## Task brief
Below are the records; repeat exactly their lines between the line holding "Image of Vidaxl" and the line holding "Eagle Lights Strobing", inclusive, skipping the pictures.

## Input records
►
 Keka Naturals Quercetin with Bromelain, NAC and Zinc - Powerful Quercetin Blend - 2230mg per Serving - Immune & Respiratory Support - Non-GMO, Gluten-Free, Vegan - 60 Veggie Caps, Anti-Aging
◄
►
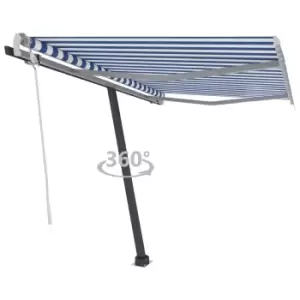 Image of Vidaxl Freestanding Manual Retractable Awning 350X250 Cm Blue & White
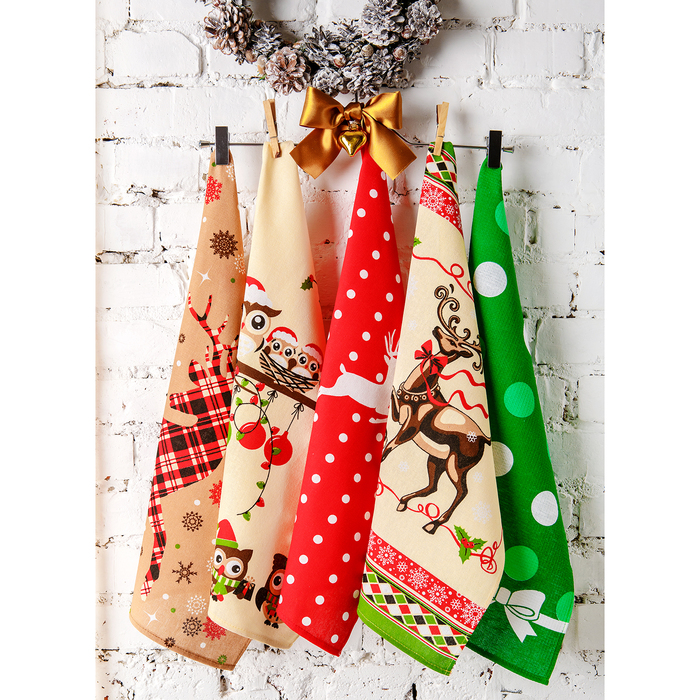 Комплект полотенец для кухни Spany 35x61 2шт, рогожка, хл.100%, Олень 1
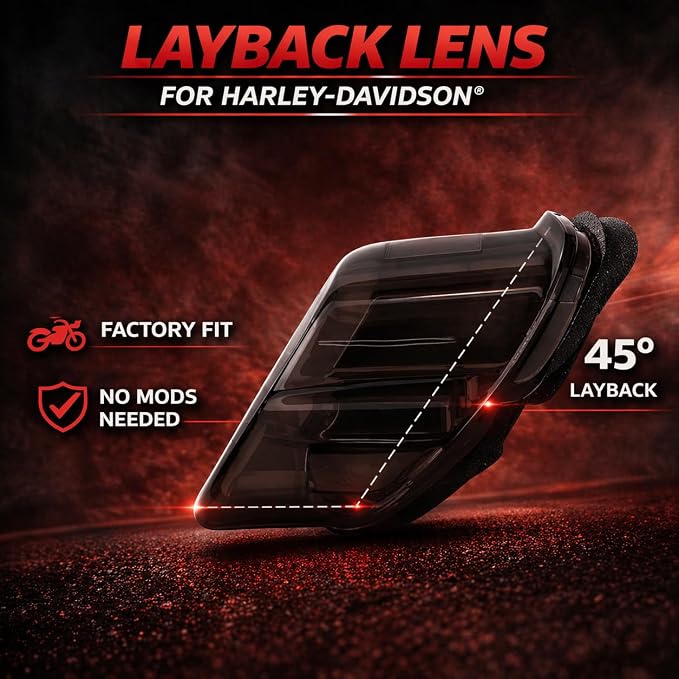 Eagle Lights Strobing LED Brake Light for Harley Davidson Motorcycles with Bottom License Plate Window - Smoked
◄
## Answer to this exercise
 Image of Vidaxl Freestanding Manual Retractable Awning 350X250 Cm Blue & White
 Комплект полотенец для кухни Spany 35x61 2шт, рогожка, хл.100%, Олень 1
 Eagle Lights Strobing LED Brake Light for Harley Davidson Motorcycles with Bottom License Plate Window - Smoked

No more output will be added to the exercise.